Good writing today, although I feel virtually certain this scene will not make the final cut. There’s not much action besides drinking lemonade and taking a bath; there’s a certain amount of playing with themes, but I suspect even this will turn out to be an understudy for better handling of the same themes later.

Why write it, then, if I already know that? Well, it’s because I need to understand what happens in this scene – in an irritating amount of detail – before I can write other, better scenes.

I try to skip ahead sometimes, but it rarely works.

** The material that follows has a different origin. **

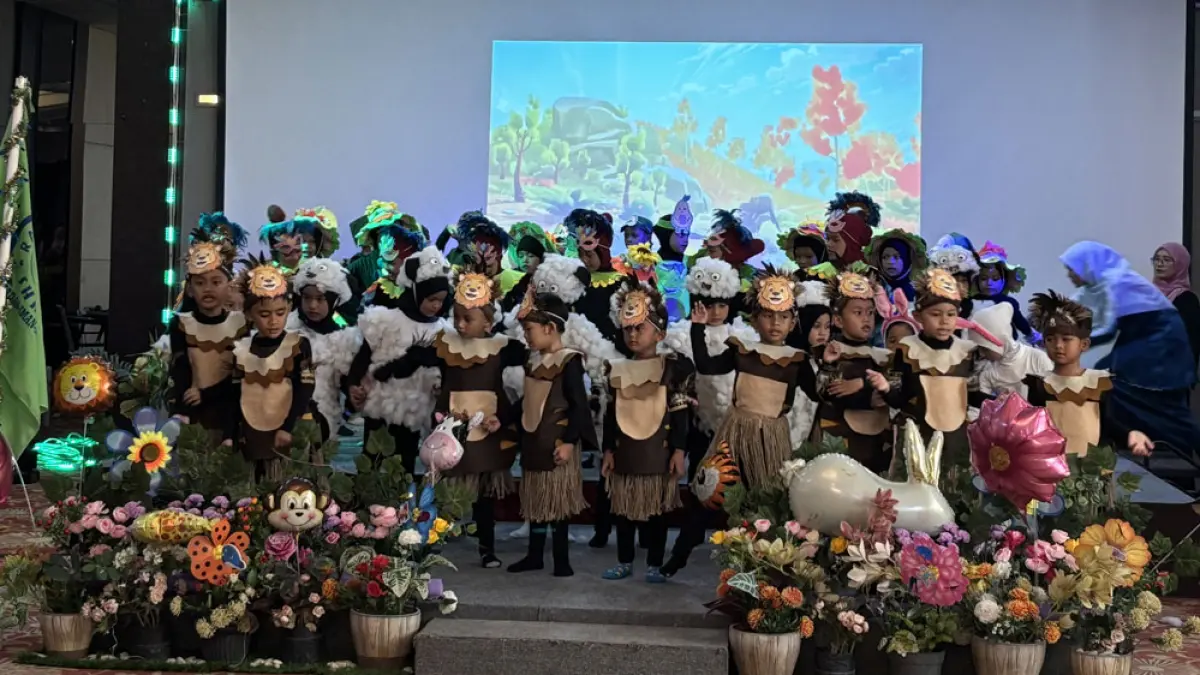 Berbagai penampilan ditampilkan siswa siswi RA Shafa Botania Garden di hadapan orang tua dan tamu undangan, mulai dari tarian, nyanyian, hingga pertunjukan kreatif lainnya.   F. Yashinta / Batam Pos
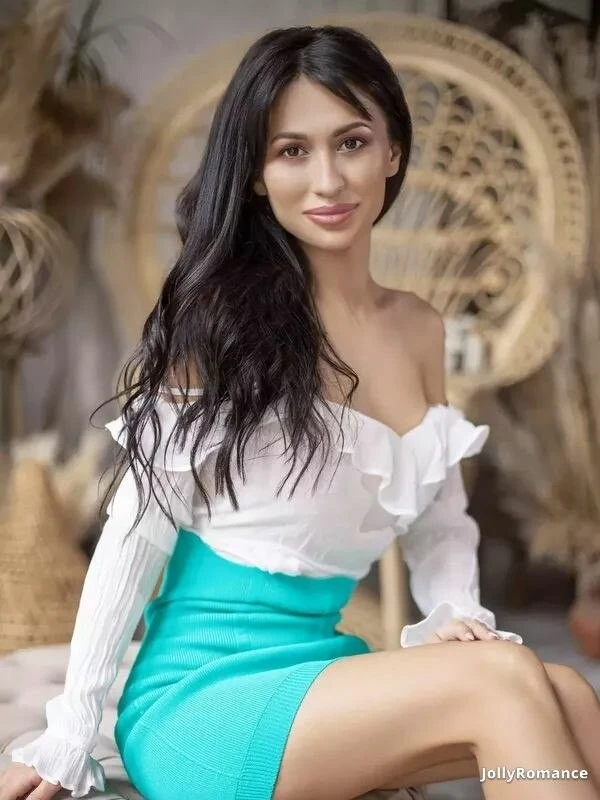 Julia, 32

I’m someone who needs a very strong foundation to build on, because I’m not just throwing up a tool shed, here. I’m building a cathedral, maybe, or a skyscraper, or the Taj Mahal. Seraphina is part of that foundation, yes, but it’s not sufficient in itself. This book is sending up spires in other directions, and they have to be able to stand.

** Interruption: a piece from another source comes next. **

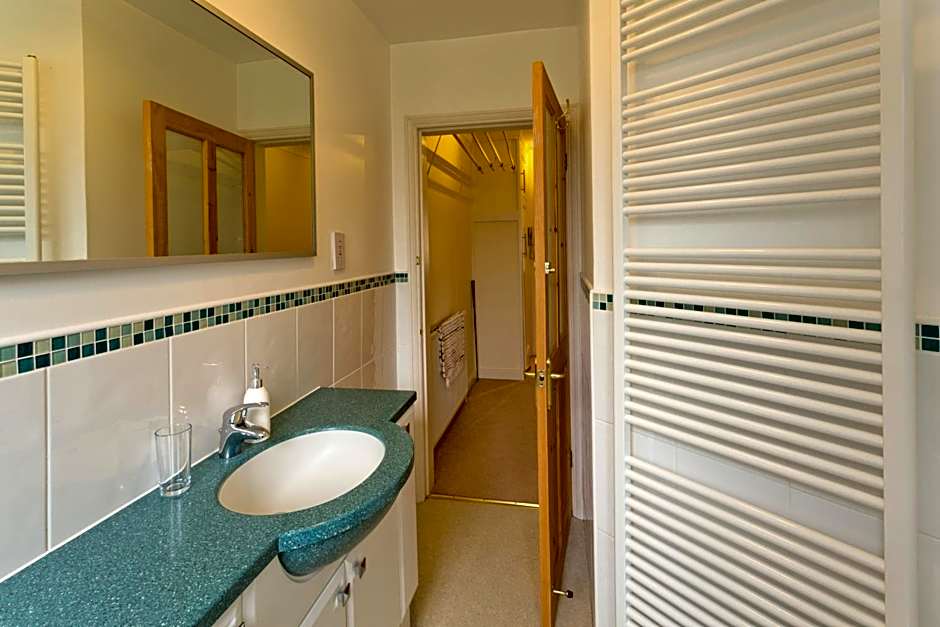 Poplar House Serviced Apartments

Or maybe a painting metaphor would be more apt. I’m painting the Sistine Chapel ceiling, but I can’t just throw paint upwards and hope. There’s scaffolding that has to be built so I can do my job. Some scenes are like scaffolding: they hold me up while I write other scenes, and then they are removed. But I can’t just skip them. I’m not magic; I can’t reach the ceiling without a place to stand.

Scaffolding is ugly and cluttered, I admit, but once it’s gone you can’t even tell where it stood. All that’s left is ceiling.

4 thoughts on “Scaffolding

  1. Although I can’t find an image of it with a quick Google, I understand that Michelangelo created some pretty snazzy scaffolding for that ceiling-painting job he did. It apparently started rather high up on the walls, to allow mass to be celebrated below, and was curved on top, to match the vault of the ceiling. So scaffolding, done right, can contribute a great deal to the finished product.

  2. How you can do something this complicated that’s not mathematics is beyond me. In math I understand what scaffolding is, and how you build from one thing to another. But the creation of a story, much less a whole novel, is a completely alien process to me.

  3. Like “Tall Kate,” I love the scaffolding metaphor.

    For me, sometimes a scene pops into my head that demands to be written down, though I don’t know where it’ll go in a story later–or if it will go anywhere at all. But once I’m sitting down writing something from start to finish, I can’t jump ahead anymore. I may work in one of the scenes that popped into my head, but usually I’ll have to re-write chunks to make it fit properly.